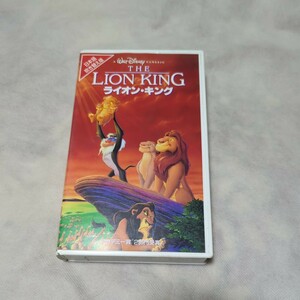 VHSビデオテープ ライオン・キング 日本語吹き替え版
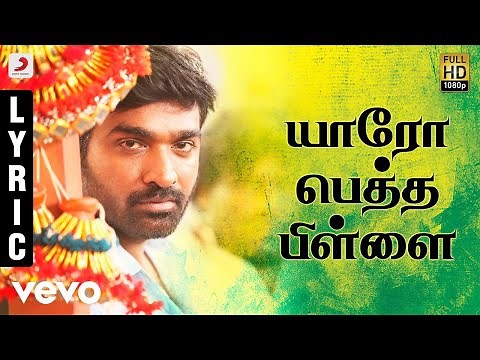 Aandavan Kattalai - Yaaro Petha Pillai Tamil Lyric | Vijay Sethupathi | K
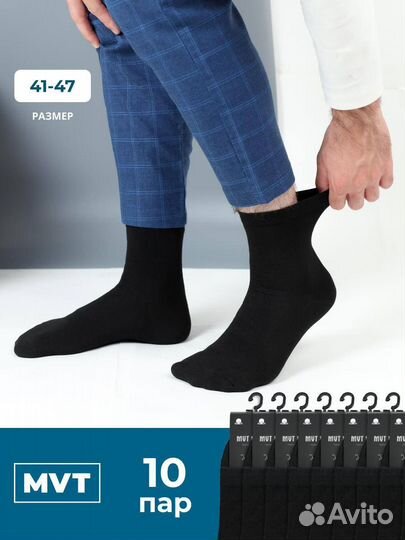 Носки мужские высокие оптом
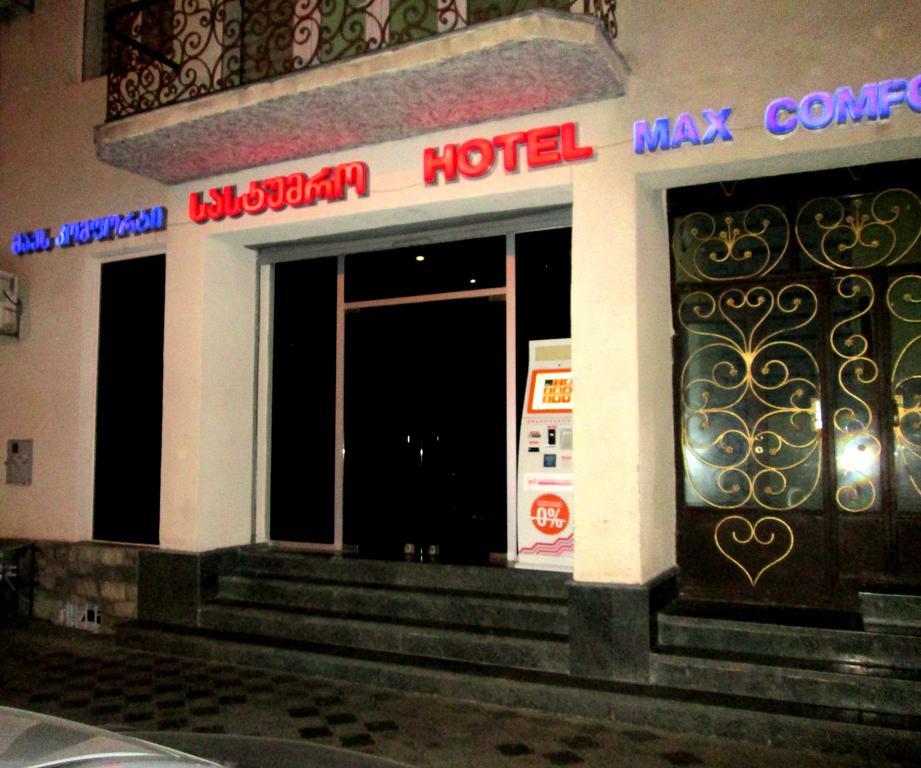 Max Comfort Hotel Kutaisi Exterior foto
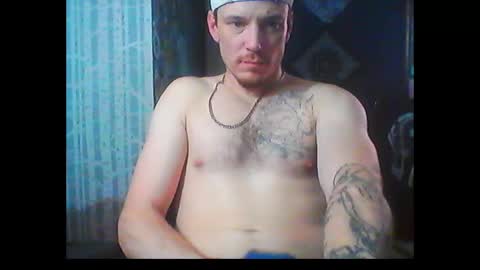 Snapshot of oh_you_know69 chatting on 01-08-25, 07:56 who dares  toss me some  tips lets have fun online show from 01-08-25, 07:56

### [PROBLEM STATEMENT]
Retype all the material word for word while skipping any picture it contains.

### [ANSWER TO THE EXERCISE]
 VHSビデオテープ ライオン・キング 日本語吹き替え版
 Aandavan Kattalai - Yaaro Petha Pillai Tamil Lyric | Vijay Sethupathi | K
 Носки мужские высокие оптом
 Max Comfort Hotel Kutaisi Exterior foto
 Snapshot of oh_you_know69 chatting on 01-08-25, 07:56 who dares  toss me some  tips lets have fun online show from 01-08-25, 07:56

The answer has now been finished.